Flink SQL Group Aggregation与Over Aggregation的区别
Flink SQL中Group Aggregation(分组聚合)和Over Aggregation(窗口聚合/分析函数)在处理流数据时有什么本质区别?请解释Over Aggregation的窗口帧(ROWS BETWEEN/RANGE BETWEEN)在流处理中的语义,以及如何通过ROW_NUMBER()实现去重Top-N。

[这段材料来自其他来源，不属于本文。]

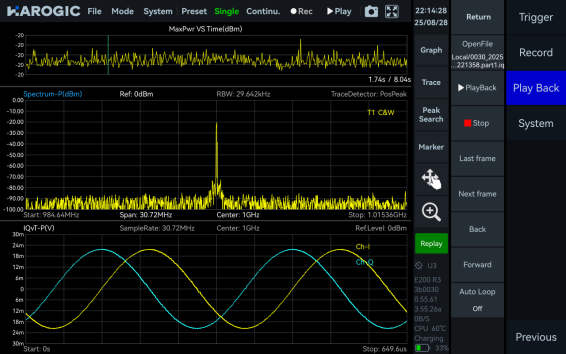 SpecICX-gen3 screenshot: Data Record and Playback.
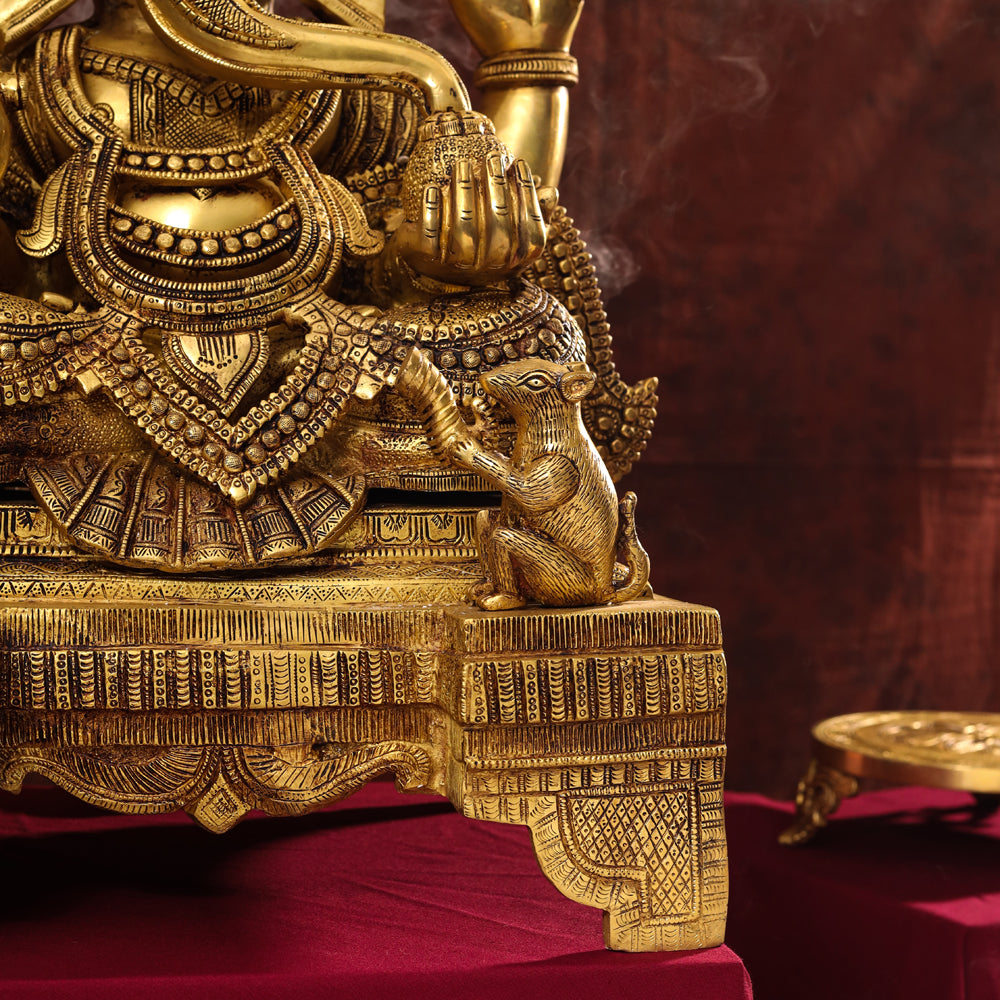 Brass Chowki Sitting Ganesha Statue (26 Inch) Vedansh Craft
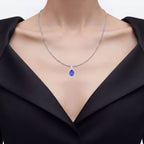 Tanzanite Pendant With Diamonds 4.62 Carats 14K White Gold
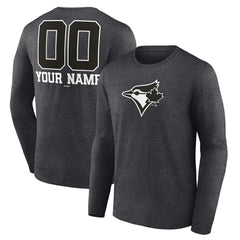 Toronto Blue Jays Personalized Monochrome Name & Number Long Sleeve T-Shirt - Charcoal T-shirts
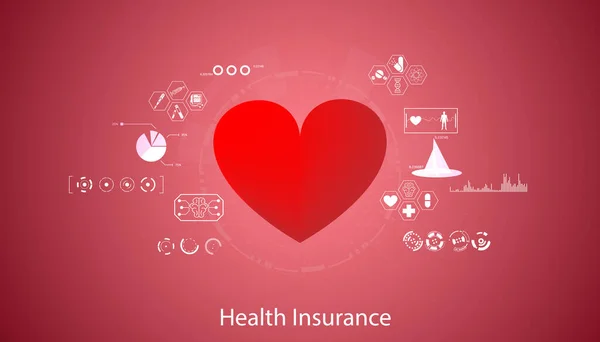 医疗保健图标接口和符号医疗保健治疗和心脏概念治疗或医疗保险 — 图库矢量图片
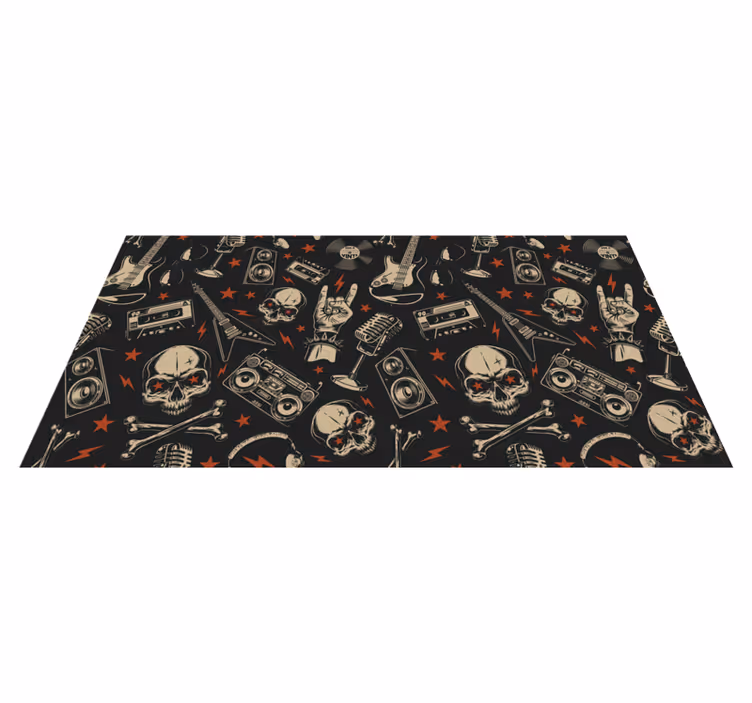 Tapis vinyle ado thème musical du crâne - TenStickers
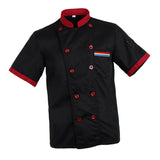 Adult Chef Jacket Stripe Short Sleeve Hotel Kitchen Chefwear Coat M Black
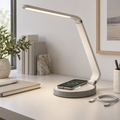 LED Desk Lamp with Wireless Charging – Adjustable Modern Task Light for Home & Office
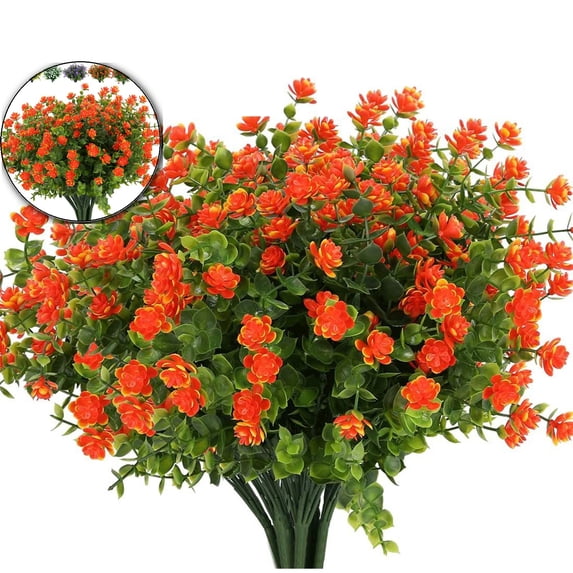 6 Pcs Artificial Flowers, Fake Artificial Greenery UV Resistant No Fade Faux Plastic Plants for Wedding Bridle Bouquet Indoor Outdoor Home Garden Kitchen Office Table Vase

给出一个计算用户累计消费金额的Over Aggregation示例。
回答
孤独的心
Group Aggregation vs Over Aggregation区别:
1. Group Aggregation(分组聚合):
SELECT user_id, SUM(amount) AS total
FROM orders
GROUP BY user_id;
- 按分组键聚合,每个分组输出一行
- 流模式下输出为更新流(changelog stream)
- 结果随新数据不断更新
2. Over Aggregation(窗口聚合/分析函数):
SELECT
order_id,
user_id,
amount,
order_time,
SUM(amount) OVER (
PARTITION BY user_id
ORDER BY order_time
ROWS BETWEEN UNBOUNDED PRECEDING AND CURRENT ROW
) AS cumulative_amount
FROM orders;
- 在每一行上计算窗口帧内的聚合
- 不改变行数(每行对应输出一行)
- 适合计算累计值、移动平均、排名
3. ORDER BY +窗口帧定义: | 窗口帧 | 含义 | |--------|------| | ROWS BETWEEN UNBOUNDED PRECEDING AND CURRENT ROW | 从起点到当前行(累计)| | ROWS BETWEEN 5 PRECEDING AND CURRENT ROW | 前5行到当前行(移动平均)| | RANGE BETWEEN INTERVAL '1' HOUR PRECEDING AND CURRENT ROW | 时间窗口内 |
4. ROW_NUMBER()去重Top-N:
SELECT * FROM (
SELECT *, ROW_NUMBER() OVER (
PARTITION BY user_id ORDER BY order_time DESC
) AS rn
FROM orders
) WHERE rn = 1; -- 每个用户最新订单
关键区别: | 维度 | Group Agg | Over Agg | |------|-----------|----------| | 输出行数 | 按分组压缩 | 与输入相同 | | 输出模式 | 更新流(Retract) | 追加流(Append)或更新流 | | 状态大小 | 每个分组一个值 | 窗口帧内所有行 | | 适用场景 | 汇总统计 | 排名/累计/移动计算 |